Dataset excerpt —
┌──
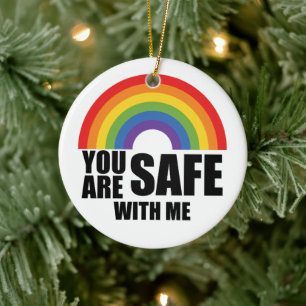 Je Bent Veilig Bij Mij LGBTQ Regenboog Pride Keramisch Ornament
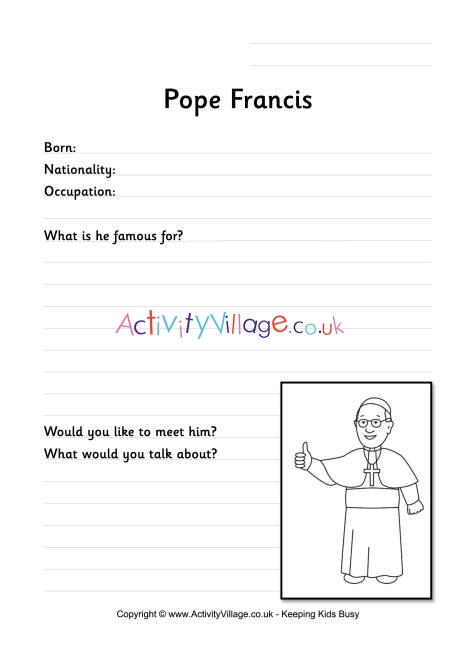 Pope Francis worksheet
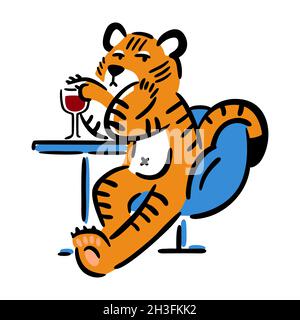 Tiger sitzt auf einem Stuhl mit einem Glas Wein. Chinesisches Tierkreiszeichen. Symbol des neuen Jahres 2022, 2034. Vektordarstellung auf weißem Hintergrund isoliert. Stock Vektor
└──
Problem statement —
Restate all of the data word for word and include no pictures.

Solved exercise —
 Je Bent Veilig Bij Mij LGBTQ Regenboog Pride Keramisch Ornament
 Pope Francis worksheet
 Tiger sitzt auf einem Stuhl mit einem Glas Wein. Chinesisches Tierkreiszeichen. Symbol des neuen Jahres 2022, 2034. Vektordarstellung auf weißem Hintergrund isoliert. Stock Vektor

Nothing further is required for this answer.